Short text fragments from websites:

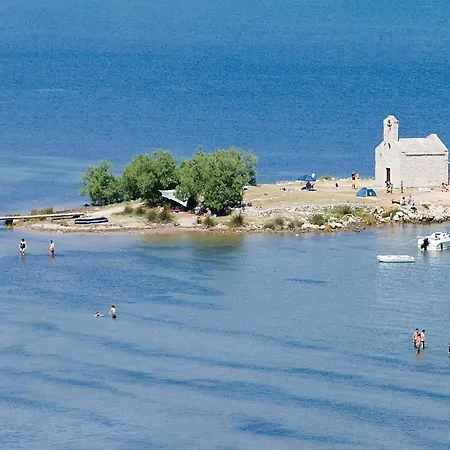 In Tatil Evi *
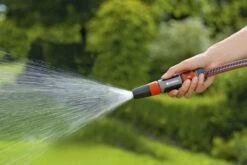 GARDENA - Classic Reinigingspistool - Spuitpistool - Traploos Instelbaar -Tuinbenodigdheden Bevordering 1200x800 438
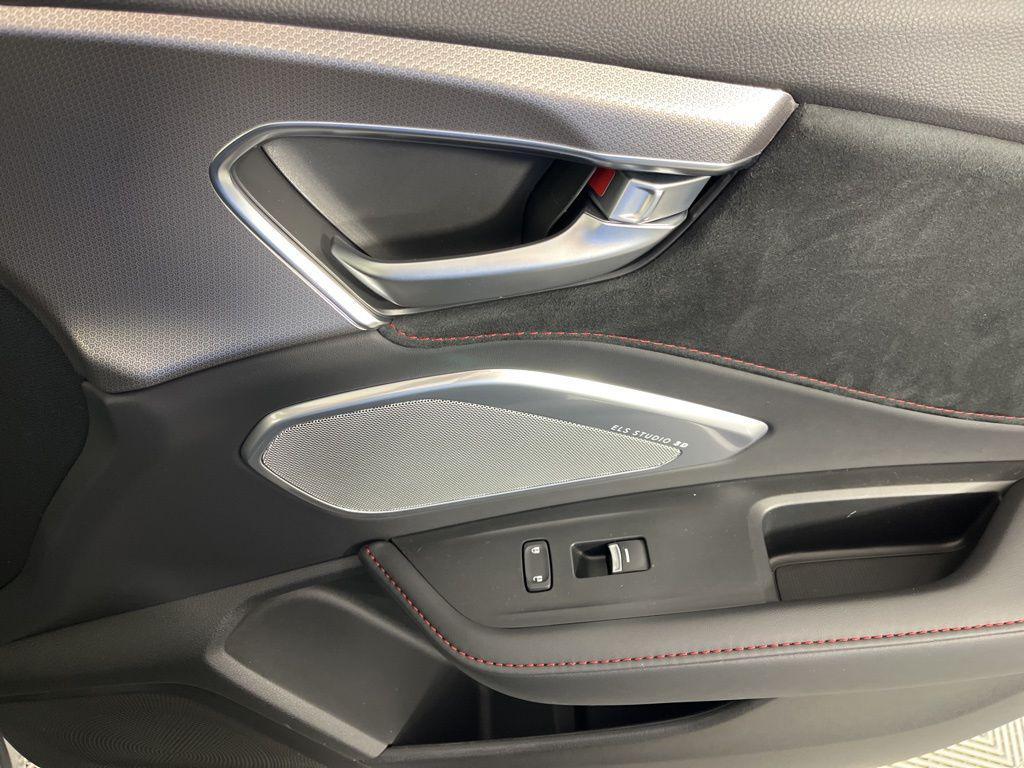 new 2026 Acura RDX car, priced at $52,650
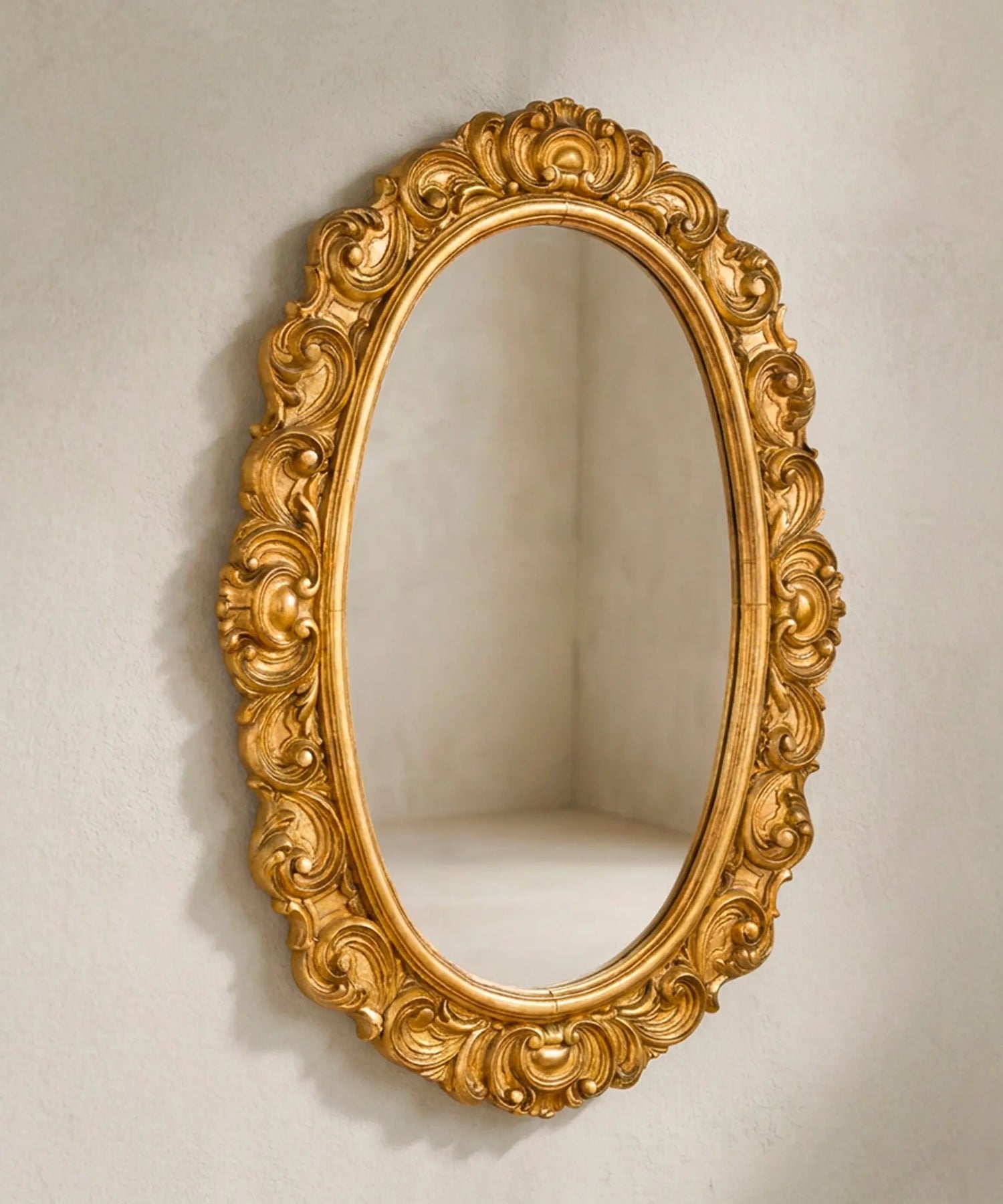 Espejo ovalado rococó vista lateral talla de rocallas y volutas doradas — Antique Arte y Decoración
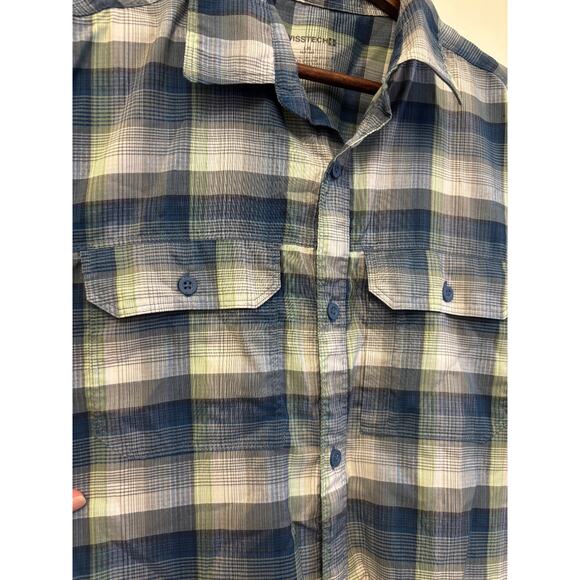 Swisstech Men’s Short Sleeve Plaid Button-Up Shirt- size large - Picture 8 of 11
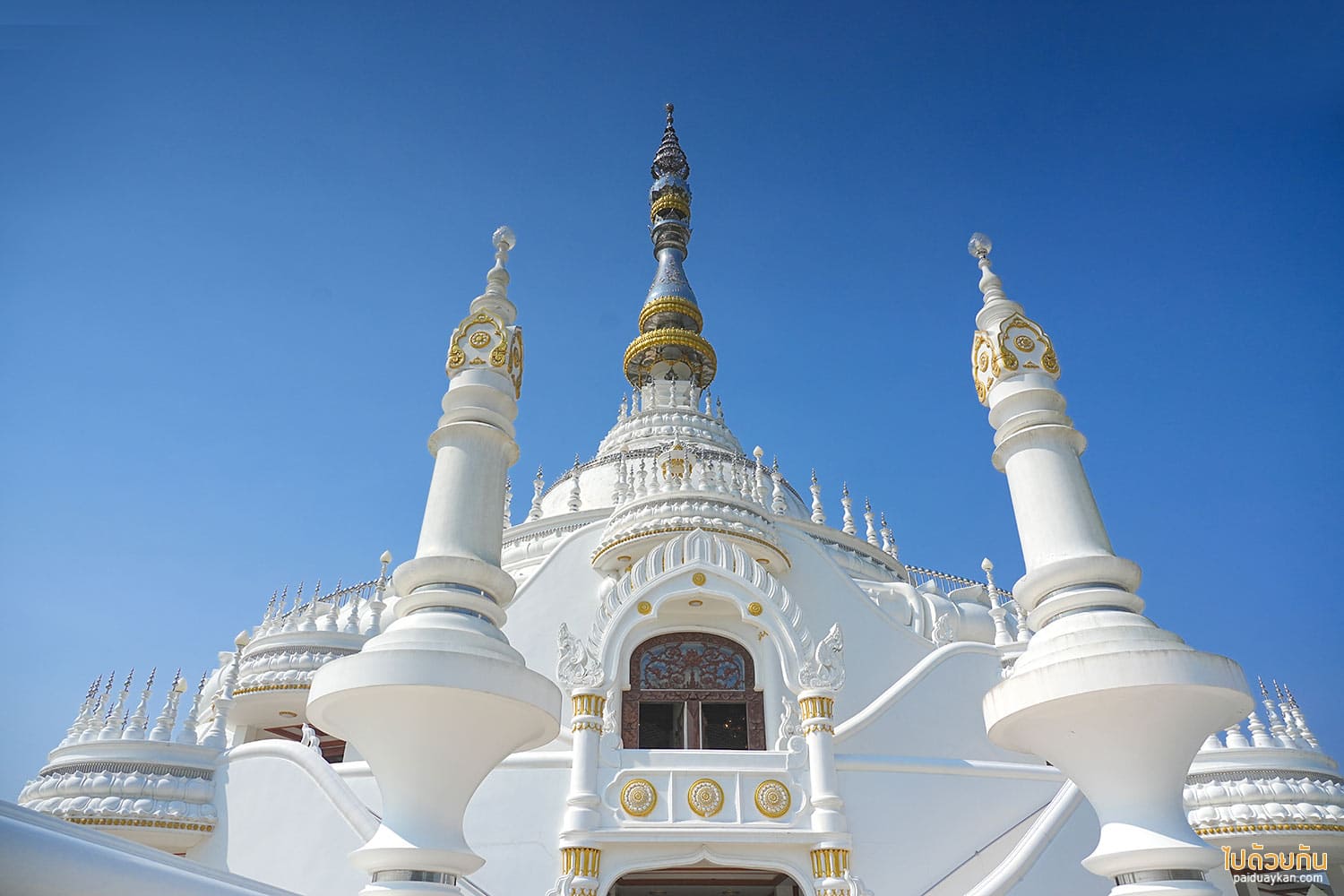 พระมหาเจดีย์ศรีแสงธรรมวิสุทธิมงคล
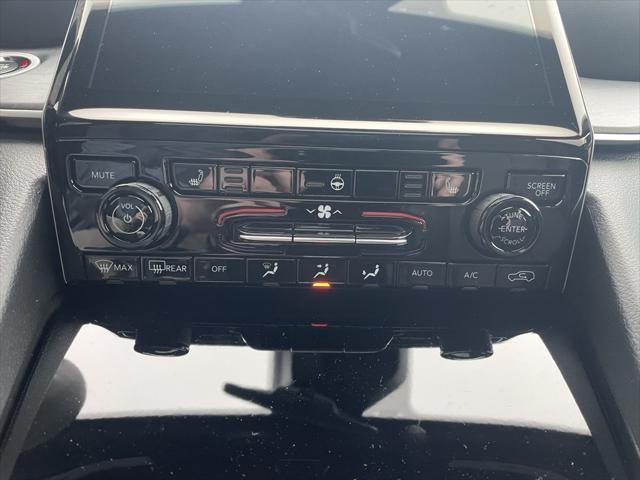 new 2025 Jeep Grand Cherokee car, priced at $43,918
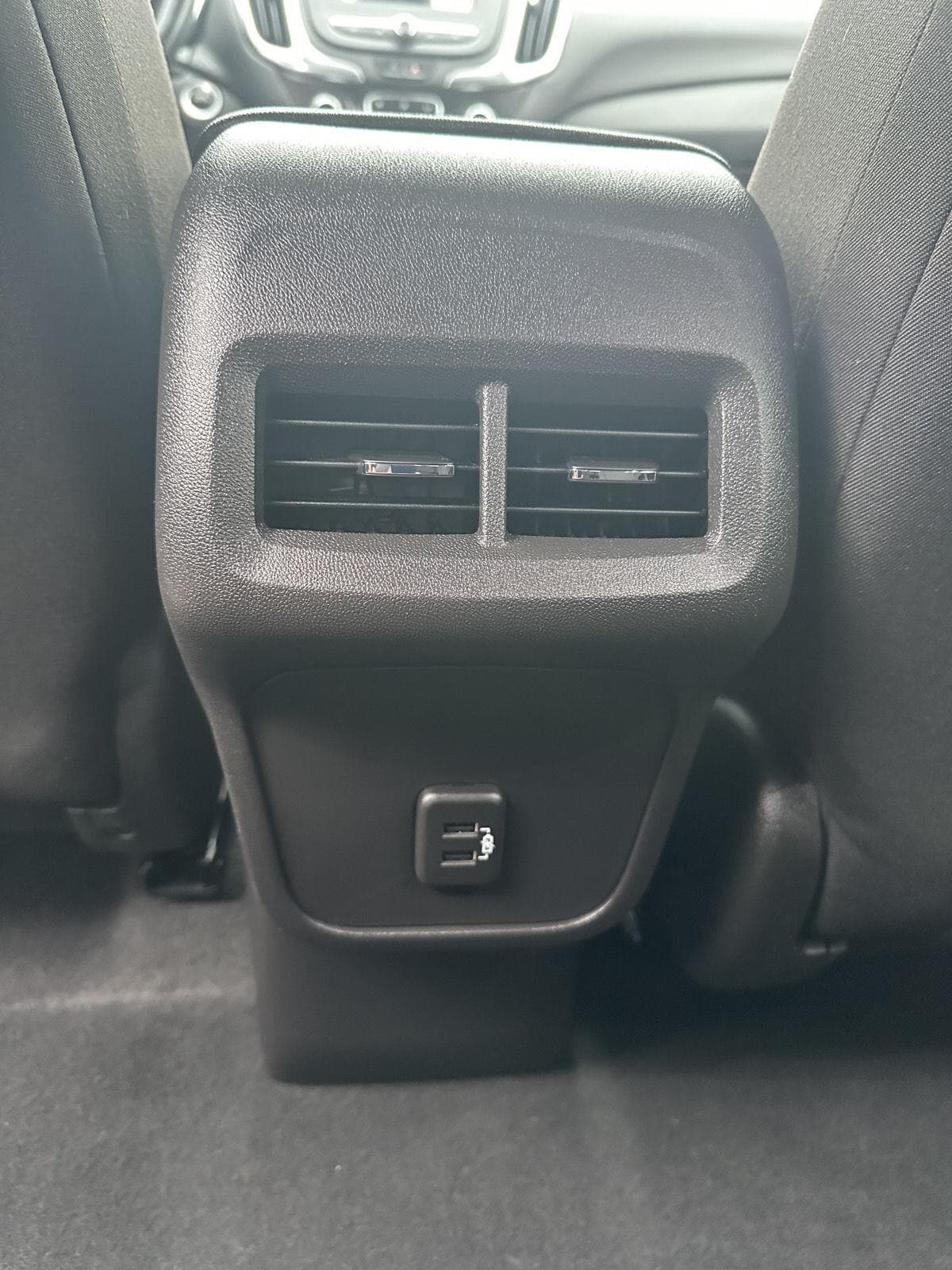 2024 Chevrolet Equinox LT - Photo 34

- TASK DIRECTIONS
Each line above should be written out again exactly, and no picture should appear in the copy.

- REPLY
 In Tatil Evi *
 GARDENA - Classic Reinigingspistool - Spuitpistool - Traploos Instelbaar -Tuinbenodigdheden Bevordering 1200x800 438
 new 2026 Acura RDX car, priced at $52,650
 Espejo ovalado rococó vista lateral talla de rocallas y volutas doradas — Antique Arte y Decoración
 Swisstech Men’s Short Sleeve Plaid Button-Up Shirt- size large - Picture 8 of 11
 พระมหาเจดีย์ศรีแสงธรรมวิสุทธิมงคล
 new 2025 Jeep Grand Cherokee car, priced at $43,918
 2024 Chevrolet Equinox LT - Photo 34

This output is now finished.